# Dive Report: 12/3 Antares and Avocet lionfish fest



## WhackUmStackUm (Jan 31, 2010)

Headed out with captain Andy Ross and dive master Taylor Wachtel to the Antares and Avocet on Tuesday. Seas were 3-4’ most of the day. Water was clear down to about 80’, and 40’ of vis on the wrecks. Water temp was in the low 70s and there was no current to speak of. We shot about 40 lionfish on the Antares. Spotted a number of legal but small gray snapper, plenty of red snapper and small amberjack. One diver reported seeing a large grouper. It could have been the goliath grouper that has been spotted there by others, but he was unsure of the grouper species.
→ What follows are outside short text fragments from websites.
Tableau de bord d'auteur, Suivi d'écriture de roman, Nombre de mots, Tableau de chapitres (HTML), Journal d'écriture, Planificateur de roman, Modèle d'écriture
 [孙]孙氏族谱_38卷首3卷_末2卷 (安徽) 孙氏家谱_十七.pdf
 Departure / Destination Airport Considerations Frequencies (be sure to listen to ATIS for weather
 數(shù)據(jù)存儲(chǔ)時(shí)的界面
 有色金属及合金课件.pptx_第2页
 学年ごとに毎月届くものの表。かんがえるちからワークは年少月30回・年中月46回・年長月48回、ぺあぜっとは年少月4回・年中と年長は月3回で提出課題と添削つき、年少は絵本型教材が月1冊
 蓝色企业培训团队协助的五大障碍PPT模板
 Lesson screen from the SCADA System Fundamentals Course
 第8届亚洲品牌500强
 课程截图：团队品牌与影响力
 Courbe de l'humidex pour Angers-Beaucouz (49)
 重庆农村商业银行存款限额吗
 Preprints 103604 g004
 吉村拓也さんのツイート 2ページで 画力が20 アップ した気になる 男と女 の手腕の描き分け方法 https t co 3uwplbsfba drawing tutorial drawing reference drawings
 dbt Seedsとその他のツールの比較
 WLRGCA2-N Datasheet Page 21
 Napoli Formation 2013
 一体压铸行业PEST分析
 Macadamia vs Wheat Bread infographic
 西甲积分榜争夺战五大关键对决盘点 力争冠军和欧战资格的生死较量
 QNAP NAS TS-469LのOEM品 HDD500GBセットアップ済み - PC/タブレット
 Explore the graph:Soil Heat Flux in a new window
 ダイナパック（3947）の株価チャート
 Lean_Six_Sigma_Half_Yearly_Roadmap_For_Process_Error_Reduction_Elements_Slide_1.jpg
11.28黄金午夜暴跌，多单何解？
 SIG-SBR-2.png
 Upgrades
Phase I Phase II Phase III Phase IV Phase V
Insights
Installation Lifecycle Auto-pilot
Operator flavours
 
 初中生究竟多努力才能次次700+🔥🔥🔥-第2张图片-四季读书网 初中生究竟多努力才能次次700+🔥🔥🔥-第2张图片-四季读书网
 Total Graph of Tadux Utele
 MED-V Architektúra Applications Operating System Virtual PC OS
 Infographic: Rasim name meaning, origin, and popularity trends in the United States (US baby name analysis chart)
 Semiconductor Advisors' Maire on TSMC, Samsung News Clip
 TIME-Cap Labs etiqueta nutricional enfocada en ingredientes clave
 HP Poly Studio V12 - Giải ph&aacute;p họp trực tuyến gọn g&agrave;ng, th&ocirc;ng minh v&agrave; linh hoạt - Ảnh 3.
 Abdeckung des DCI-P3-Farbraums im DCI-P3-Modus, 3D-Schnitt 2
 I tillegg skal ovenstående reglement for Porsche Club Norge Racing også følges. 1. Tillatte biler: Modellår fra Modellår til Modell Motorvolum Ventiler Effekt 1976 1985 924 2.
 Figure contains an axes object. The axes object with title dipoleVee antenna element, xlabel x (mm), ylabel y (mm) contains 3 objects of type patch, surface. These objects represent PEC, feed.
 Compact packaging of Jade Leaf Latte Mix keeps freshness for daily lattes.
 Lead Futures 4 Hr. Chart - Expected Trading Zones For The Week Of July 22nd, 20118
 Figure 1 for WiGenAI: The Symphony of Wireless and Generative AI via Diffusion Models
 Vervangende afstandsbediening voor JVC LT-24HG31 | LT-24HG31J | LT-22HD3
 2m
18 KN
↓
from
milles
The Avocet had many lionfish on it. We shot 120 lionfish there and estimated that there was another 50-100 left on the wreck. I spotted a batfish, 6’ sandbar shark and two sea turtles. Got some good video of a turtle scraping its shell against the bottom of the hull to clean off barnacles. Although it took about 10 minutes of scraping and maneuvering, it left with a 90% clean shell. I’ve never seen a shipwreck-sized luffa sponge before! 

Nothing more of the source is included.